LOS ANGELES (AP) _ An air traffic controller who put a jet and a commuter plane on the same runway, causing a fatal crash, was relieved of duty as an Air Force controller 14 years ago and urged to seek psychiatric help, a federal report said.

The National Transportation Safety Board report released Monday also disclosed that controller Robin Lee Wascher had made similar errors during an evaluation shortly before the Feb. 1 crash that killed 34 people.

Ms. Wascher was urged to get psychiatric help shortly after her parents were killed in a 1977 plane crash, according to the report.


The report, made public as the NTSB opened hearings into the collision at Los Angeles International Airport, also said USAir Capt. Colin F. Shaw had traces of phenobarbital in his blood when he died in the crash. The Federal Aviation Administration prohibits use of the sedative before flying.

Shaw was not at the jet’s controls when the collision occurred. His co- pilot, David Kelly, was flying the plane. FAA spokesman Ted Lopatkiewicz said investigators would determine whether the drug had a role in the accident.

An audio tape the FAA released in March showed that the collision occurred when Wascher directed a USAir Boeing 737 to land on a runway where she had earlier told a Skywest commuter plane to wait for clearance to take off. The FAA gave no explanation of what caused the error.

The hearing that began Monday will include testimony from experts and other witnesses. It will concentrate on the job of controllers, the visibility of airplane running lights and how well aircraft can be seen from the tower.

Wascher, 38, has worked for the FAA as an air traffic control specialist since 1982. She was a controller for the Air Force in Mississippi when her parents’ light plane disappeared after takeoff in 1977. It was never found.

A month later, Wascher told an Air Force flight surgeon that her parents’ death left her ″incapable of controlling traffic safely,″ the report said.

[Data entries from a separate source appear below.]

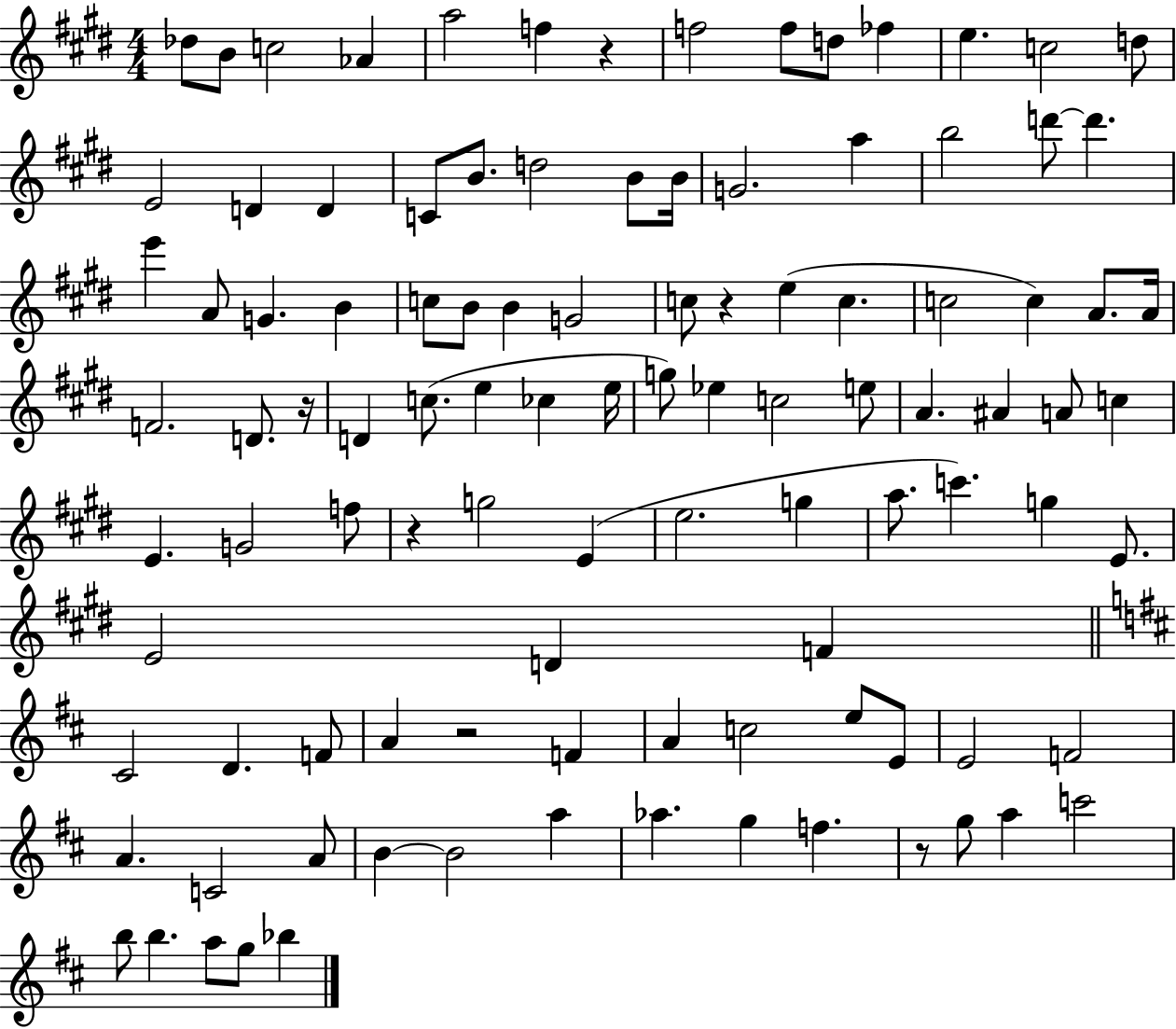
X:1
T:Untitled
M:4/4
L:1/4
K:E
_d/2 B/2 c2 _A a2 f z f2 f/2 d/2 _f e c2 d/2 E2 D D C/2 B/2 d2 B/2 B/4 G2 a b2 d'/2 d' e' A/2 G B c/2 B/2 B G2 c/2 z e c c2 c A/2 A/4 F2 D/2 z/4 D c/2 e _c e/4 g/2 _e c2 e/2 A ^A A/2 c E G2 f/2 z g2 E e2 g a/2 c' g E/2 E2 D F ^C2 D F/2 A z2 F A c2 e/2 E/2 E2 F2 A C2 A/2 B B2 a _a g f z/2 g/2 a c'2 b/2 b a/2 g/2 _b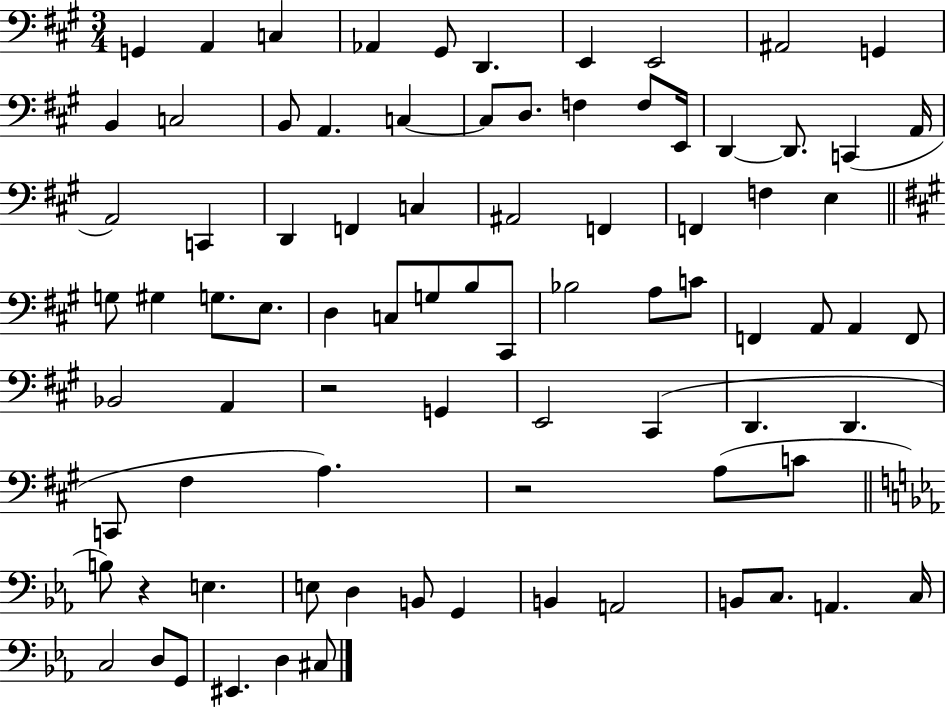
X:1
T:Untitled
M:3/4
L:1/4
K:A
G,, A,, C, _A,, ^G,,/2 D,, E,, E,,2 ^A,,2 G,, B,, C,2 B,,/2 A,, C, C,/2 D,/2 F, F,/2 E,,/4 D,, D,,/2 C,, A,,/4 A,,2 C,, D,, F,, C, ^A,,2 F,, F,, F, E, G,/2 ^G, G,/2 E,/2 D, C,/2 G,/2 B,/2 ^C,,/2 _B,2 A,/2 C/2 F,, A,,/2 A,, F,,/2 _B,,2 A,, z2 G,, E,,2 ^C,, D,, D,, C,,/2 ^F, A, z2 A,/2 C/2 B,/2 z E, E,/2 D, B,,/2 G,, B,, A,,2 B,,/2 C,/2 A,, C,/4 C,2 D,/2 G,,/2 ^E,, D, ^C,/2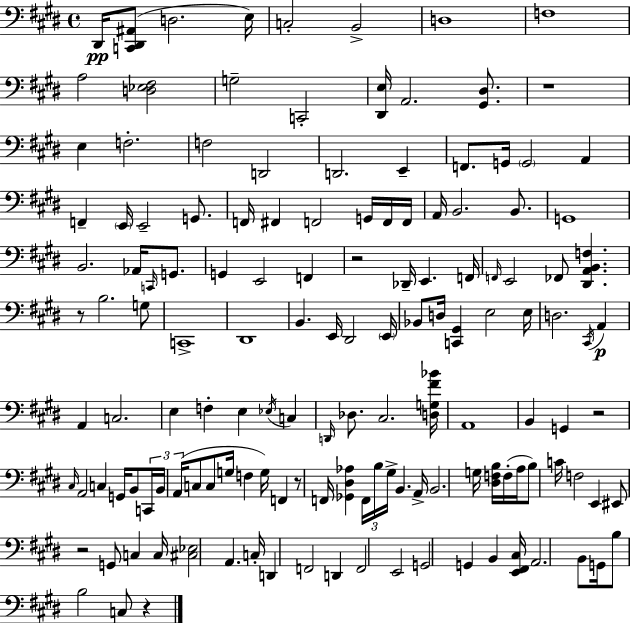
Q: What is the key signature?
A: E major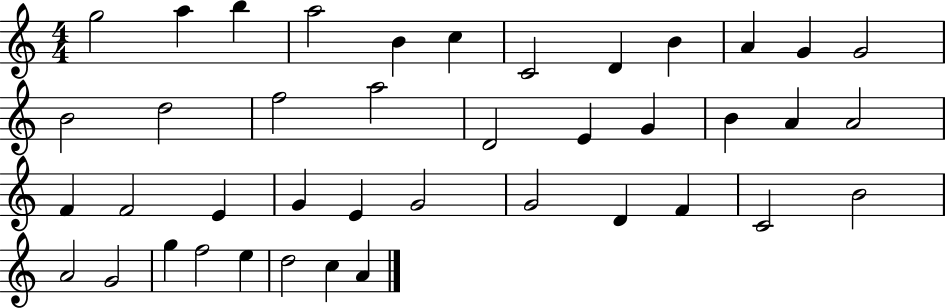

Wascher was relieved of duty and told to visit a military mental health clinic. The day after her examination, she received an honorable discharge.

The report did not detail Wascher’s military discharge and medical record because of privacy concerns. She has refused to comment.

The report, however, contained the following account of her work with the FAA:

Wascher enrolled in the FAA academy in 1982 as one of the replacements hired after President Reagan fired thousands of striking controllers.

The FAA did not have her military records when she was hired. When the agency received them, she was asked to undergo a psychiatric evaluation. A psychiatrist found no evidence of problems that would make her unfit.

Wascher received a satisfactory overall report on her most recent evaluation, but an examiner reported some deficiencies.

The reviewer said her ″awareness was not maintained″ on one plane on a runway while another was coming in to land and the incoming plane aborted its landing attempt. There were no further details.

The report also said tests on Shaw, 48, of Huntington, Md., showed the presence of phenobarbital. A prescription vial dated 1989 was in his flight bag.

The phenobarbital was prescribed for a spastic colon by Shaw’s personal physicians, who said they had warned him not to use the medication while flying.

In applications for FAA medical certificates dating back to 1973, Shaw never reported the use of phenobarbital to aviation authorities, the report said. A pilot must have a medical certificate to remain licensed.